I was tickled to see this picture posted on suburban pastor Joe Thorn's blog:
The magazine article "Is It Time to Move to the Burbs?" is from Details magazine, and it chronicles a trend of city residents relocating to suburbia because of suburbia's growing attractiveness. The article notes that older categories of "city" and "suburb" are blurring, and that since 1950, over 90% of metropolitan growth has taken place in suburbia. One author is cited as saying, "From a cultural standpoint, cities are becoming less interesting and the suburbs are increasingly where the action is."
Suburban contexts are becoming more culturally, socioeconomically and religiously diverse, which of course has implications for suburban mission and ministry.

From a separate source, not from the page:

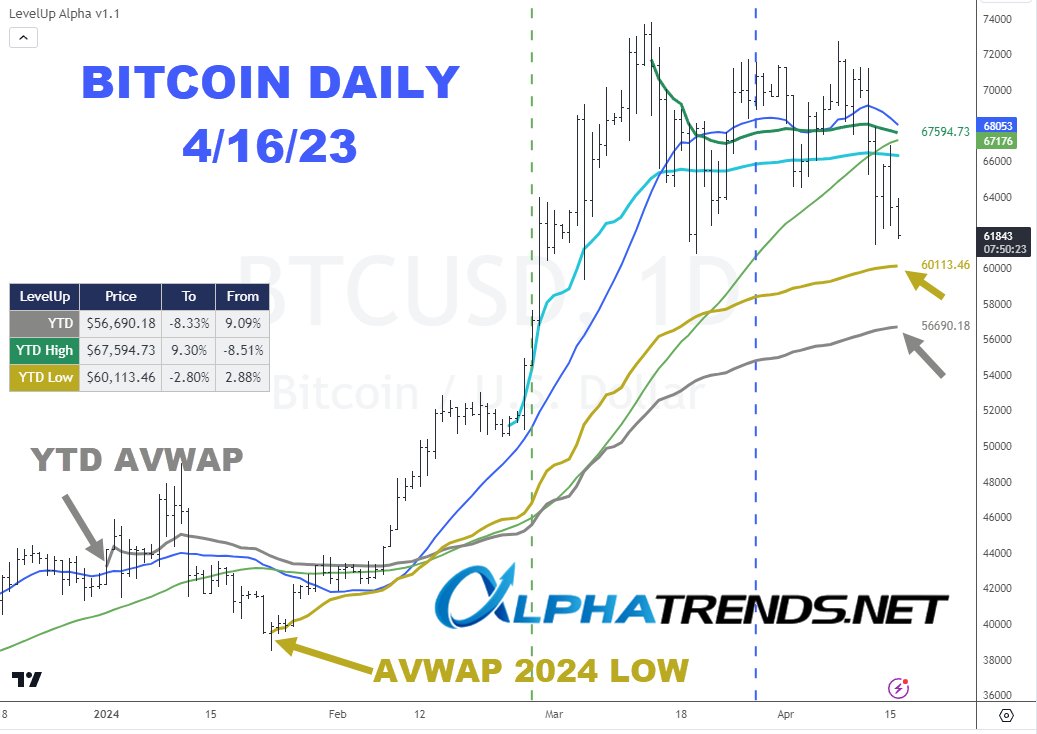 Daily chart of #Bitcoin 20DMA - blue 50DMA - green Auto anchors from leveluptools.net for @tradingview by @JohnMuchow YTD, YTD High and YTD low convenient tool tells you % away from each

I suspect that as more urban professionals migrate to suburbs, we will see the need for more culturally creative and intellectually engaged churches doing in suburbia what Tim Keller's Redeemer Presbyterian Church is doing in Manhattan, as they put it, renewing the city socially, spiritually and culturally. New suburban communities are actually recovering some of the original urban ideals that many cities started out as, with more of a sense of place, village identity and local community interdependence.
In many ways, the challenge for suburban churches cuts at least two ways. On the one hand, we need to contextualize our ministries in ways that connect with indigenous suburban residents. On the other, we also need to keep in mind all the new arrivals who may be relocating from either urban or rural contexts, with perhaps entirely different sets of expectations. The better we can help our new suburban neighbors navigate the suburban environment - and bring to suburbia all the gifts and expertise gained from other contexts - the better off both our churches and our suburbs will be.